╔══

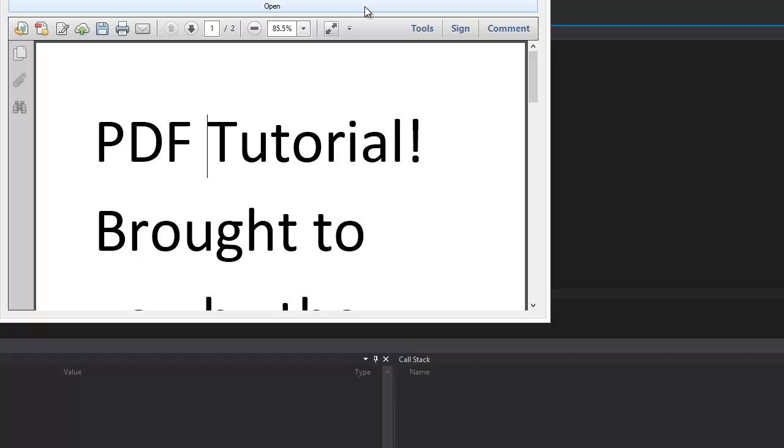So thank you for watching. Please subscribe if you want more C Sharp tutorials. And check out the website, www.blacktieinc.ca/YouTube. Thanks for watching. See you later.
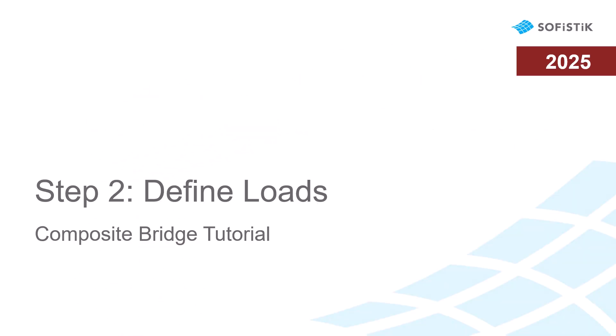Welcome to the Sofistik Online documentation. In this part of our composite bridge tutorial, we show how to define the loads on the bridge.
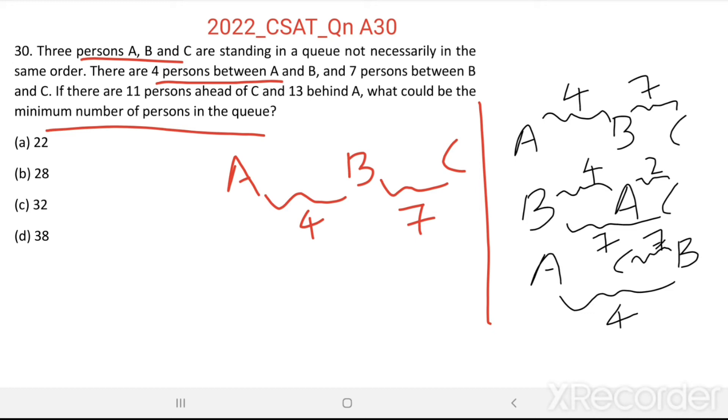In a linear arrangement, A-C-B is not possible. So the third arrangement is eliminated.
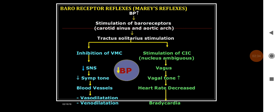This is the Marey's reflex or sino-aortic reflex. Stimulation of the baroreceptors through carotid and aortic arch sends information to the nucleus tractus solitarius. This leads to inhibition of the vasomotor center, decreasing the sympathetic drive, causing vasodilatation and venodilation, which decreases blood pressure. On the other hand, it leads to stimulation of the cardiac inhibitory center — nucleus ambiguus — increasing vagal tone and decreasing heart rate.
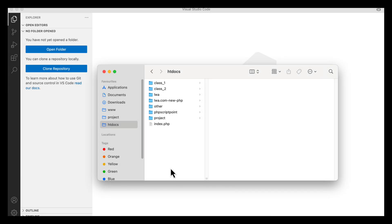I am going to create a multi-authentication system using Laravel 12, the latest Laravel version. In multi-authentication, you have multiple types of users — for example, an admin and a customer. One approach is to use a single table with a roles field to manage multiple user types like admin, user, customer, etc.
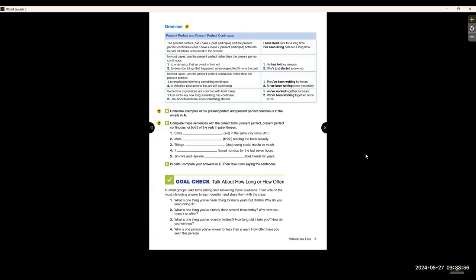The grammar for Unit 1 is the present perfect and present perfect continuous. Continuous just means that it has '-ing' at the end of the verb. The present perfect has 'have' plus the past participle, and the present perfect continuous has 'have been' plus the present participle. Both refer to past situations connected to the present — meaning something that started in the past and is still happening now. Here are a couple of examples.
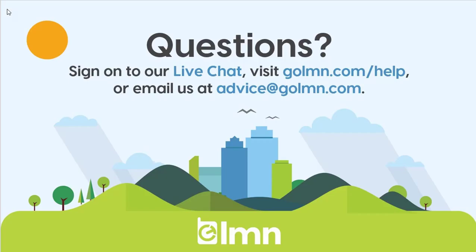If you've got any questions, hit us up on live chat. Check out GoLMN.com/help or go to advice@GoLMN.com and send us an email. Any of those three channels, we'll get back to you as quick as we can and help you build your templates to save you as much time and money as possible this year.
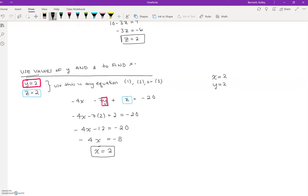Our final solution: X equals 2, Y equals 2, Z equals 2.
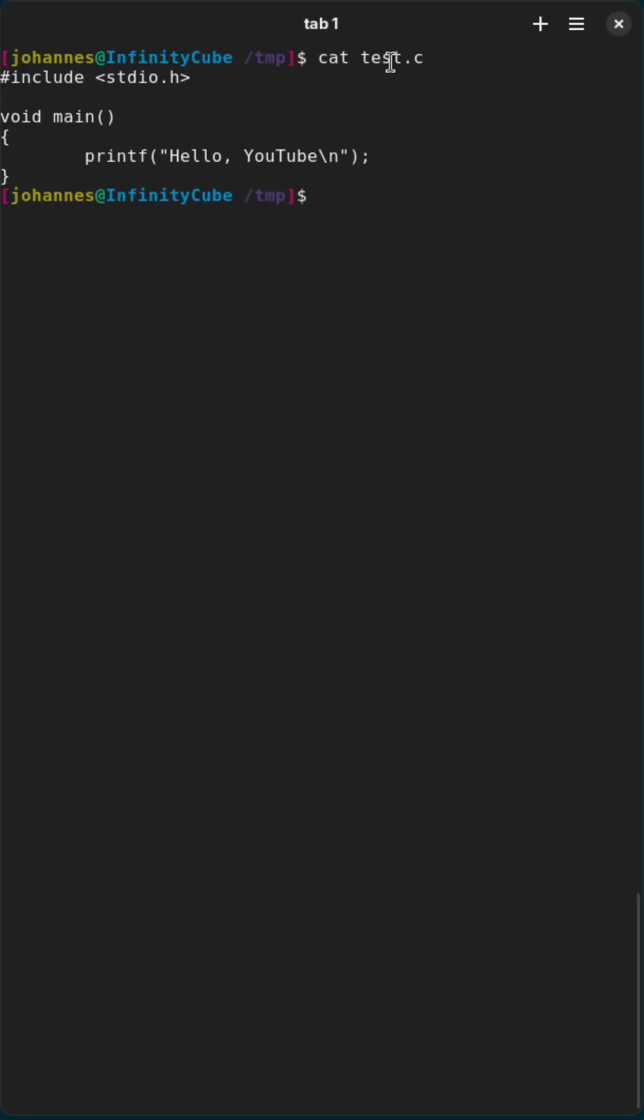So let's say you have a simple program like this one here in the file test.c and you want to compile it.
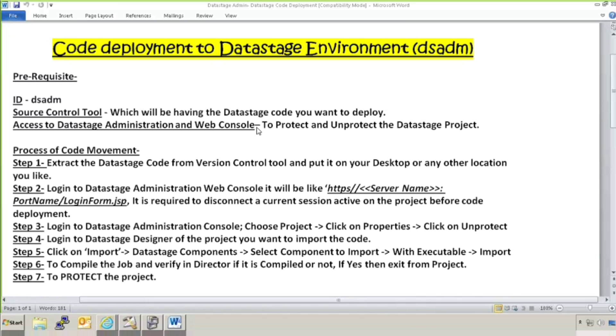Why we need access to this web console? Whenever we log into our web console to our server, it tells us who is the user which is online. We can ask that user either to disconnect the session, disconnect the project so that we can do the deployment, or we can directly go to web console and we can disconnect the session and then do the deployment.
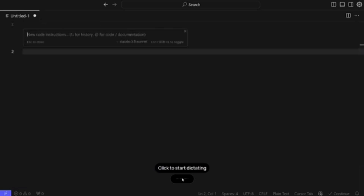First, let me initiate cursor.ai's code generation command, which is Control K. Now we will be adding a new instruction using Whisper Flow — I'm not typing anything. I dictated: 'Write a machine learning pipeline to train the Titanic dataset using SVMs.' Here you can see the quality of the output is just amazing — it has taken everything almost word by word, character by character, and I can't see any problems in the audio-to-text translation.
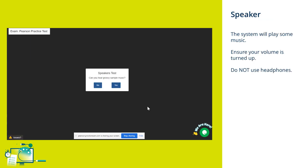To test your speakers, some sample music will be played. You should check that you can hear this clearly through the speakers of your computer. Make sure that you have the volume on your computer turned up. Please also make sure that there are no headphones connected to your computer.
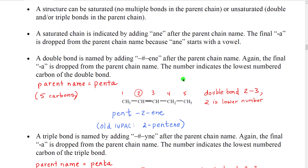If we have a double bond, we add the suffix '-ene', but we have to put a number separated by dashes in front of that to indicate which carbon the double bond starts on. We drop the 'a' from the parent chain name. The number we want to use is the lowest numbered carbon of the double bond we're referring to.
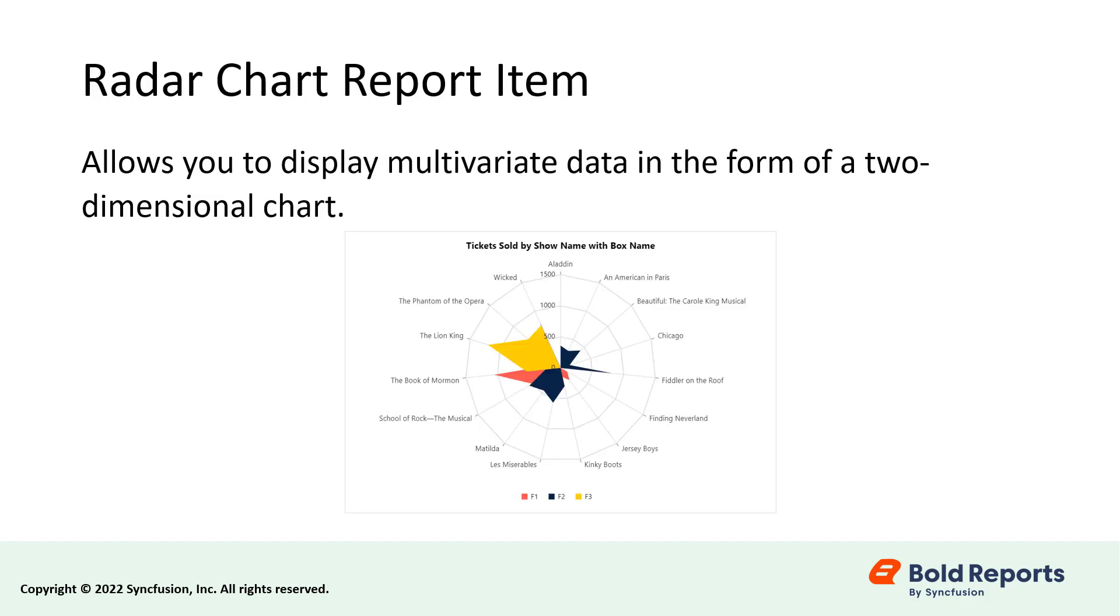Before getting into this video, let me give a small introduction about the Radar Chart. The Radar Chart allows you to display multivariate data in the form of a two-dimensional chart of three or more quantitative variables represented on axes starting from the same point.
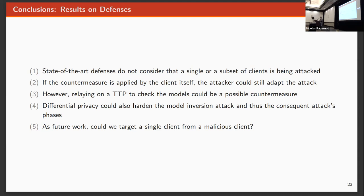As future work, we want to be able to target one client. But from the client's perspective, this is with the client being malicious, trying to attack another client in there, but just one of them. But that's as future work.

╚══
╔══

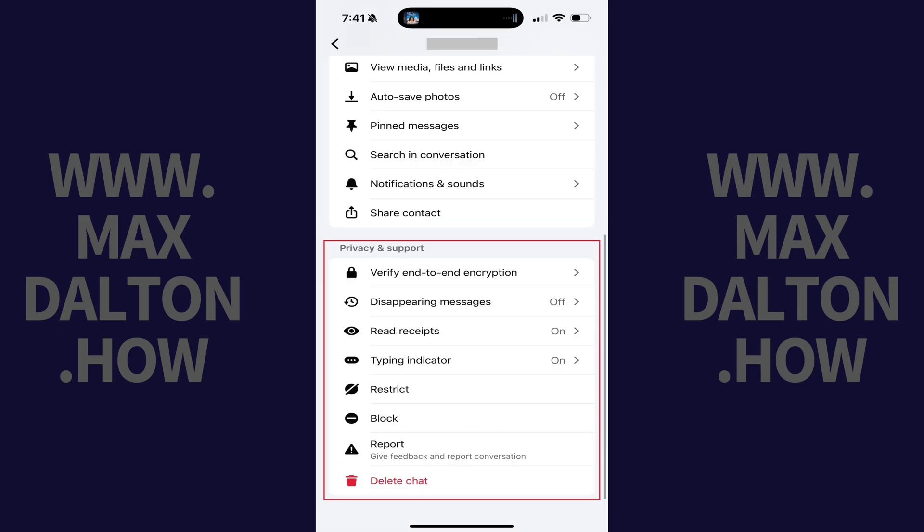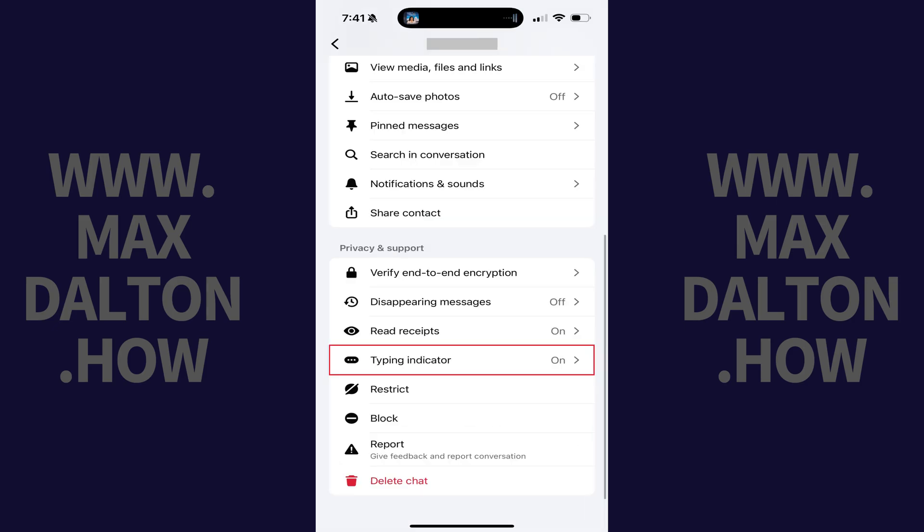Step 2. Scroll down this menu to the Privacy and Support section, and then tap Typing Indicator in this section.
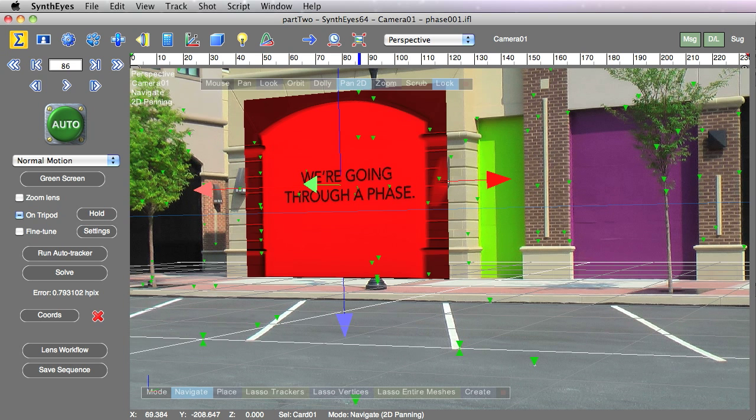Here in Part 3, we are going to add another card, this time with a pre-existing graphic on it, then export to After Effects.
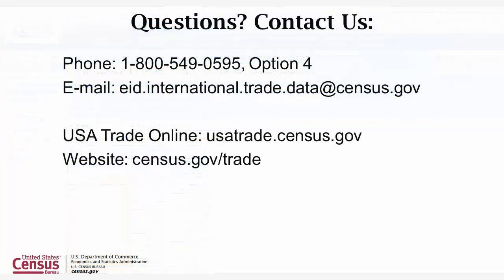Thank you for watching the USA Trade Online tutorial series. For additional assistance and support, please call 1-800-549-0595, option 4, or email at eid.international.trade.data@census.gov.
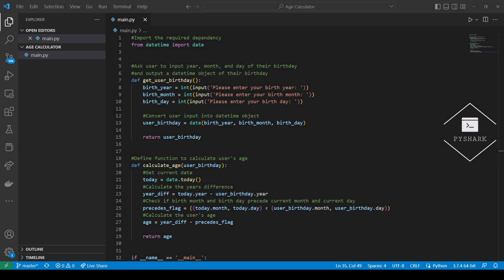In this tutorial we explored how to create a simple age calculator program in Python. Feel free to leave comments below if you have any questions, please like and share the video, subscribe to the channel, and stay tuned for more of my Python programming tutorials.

╚══

— Task brief —
From the listing above, repeat only the lines between the line containing "So thank you" and the line containing "In a linear", those two included. Pictures are not part of the copy.

— Answer box —
So thank you for watching. Please subscribe if you want more C Sharp tutorials. And check out the website, www.blacktieinc.ca/YouTube. Thanks for watching. See you later.
Welcome to the Sofistik Online documentation. In this part of our composite bridge tutorial, we show how to define the loads on the bridge.
In a linear arrangement, A-C-B is not possible. So the third arrangement is eliminated.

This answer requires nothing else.